Thursday, 18 December 2014
James King1, Giles Wiggs2, Karsten Haustein2, Frank D Eckardt3, David S G Thomas2 and Richard Washington2, (1)Indiana University Bloomington, Bloomington, IN, United States, (2)University of Oxford, Oxford, United Kingdom, (3)University of Cape Town, Cape Town, South Africa
Abstract:
A key component of a dust emission scheme is the threshold for sediment transport, which is a function of soil size distribution, soil moisture, air and soil particle density, and surface roughness. For a particular region or landform that is not vegetated the variable that controls the transport threshold the most is soil moisture. This is because it is assumed that the other components vary little (air and soil particle densities) or are kept constant (soil size distribution and surface roughness). This puts the emphasis very heavily on soil moisture and wind stress as the key drivers of dust emission for specific landforms and dust emission schemes.

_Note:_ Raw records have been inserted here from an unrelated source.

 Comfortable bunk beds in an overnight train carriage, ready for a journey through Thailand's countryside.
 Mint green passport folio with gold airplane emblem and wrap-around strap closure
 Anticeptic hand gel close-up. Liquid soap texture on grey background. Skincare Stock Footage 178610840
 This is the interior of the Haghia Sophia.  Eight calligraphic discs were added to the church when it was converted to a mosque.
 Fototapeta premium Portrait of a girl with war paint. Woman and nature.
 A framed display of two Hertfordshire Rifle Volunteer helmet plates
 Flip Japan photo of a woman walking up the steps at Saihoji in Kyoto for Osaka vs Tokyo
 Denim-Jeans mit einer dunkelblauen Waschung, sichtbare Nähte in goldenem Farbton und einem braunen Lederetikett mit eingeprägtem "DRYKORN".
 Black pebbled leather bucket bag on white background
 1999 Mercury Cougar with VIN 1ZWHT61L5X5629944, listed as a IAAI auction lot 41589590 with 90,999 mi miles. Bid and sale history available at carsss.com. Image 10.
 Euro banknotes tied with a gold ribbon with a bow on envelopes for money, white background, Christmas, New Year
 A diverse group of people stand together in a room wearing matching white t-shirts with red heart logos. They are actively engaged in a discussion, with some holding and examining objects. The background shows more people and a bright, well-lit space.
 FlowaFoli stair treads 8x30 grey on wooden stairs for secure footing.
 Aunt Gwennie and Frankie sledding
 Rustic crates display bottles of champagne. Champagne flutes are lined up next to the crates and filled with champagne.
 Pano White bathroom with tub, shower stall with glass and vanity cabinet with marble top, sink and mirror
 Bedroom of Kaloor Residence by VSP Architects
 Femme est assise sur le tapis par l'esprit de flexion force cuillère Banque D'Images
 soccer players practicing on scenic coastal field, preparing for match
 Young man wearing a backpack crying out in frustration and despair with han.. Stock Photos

Dust emission measurements were undertaken in 2011 on Sua Pan in Botswana, a large, flat, unvegetated salt pan, as part of the Dust Observation for Models (DO4 Models) campaign. The observations consisted of 11 climate stations placed within a 144 km2. Out of the measured and calculated erodibility parameters responsible for predicting transport threshold within current schemes, surface soil moisture and aerodynamic roughness length varied the most over the duration of the project and spatially across the pan. In 2011, the pan was drying from extensive flooding and rainfall in the previous wet season. Within the dry winter season months of June through September the dominantly eastern winds dried the pan developing a directional increase in aerodynamic roughness length over time. This cumulated in a region of maximum roughness length with the highest potential for dust emissions. In some cases, the aerodynamic roughness length of the bare soil increased by three orders of magnitude within the three month period. This increase in roughness almost doubles the modelled threshold shear velocity required for this surface to be emissive. The temporal and spatial variability of the calculated transport threshold is explored with observed data and compared with the modelled transport threshold for this region for the campaign duration. These results suggest that for dry saline lakes and other evaporite and unvegetated emissive surfaces the surface roughness changes dramatically from season to season and can have a direct effect on the soil surface emissivity. In conclusion, more research is needed to resolve the variation in spatial and temporal dust production within these landform.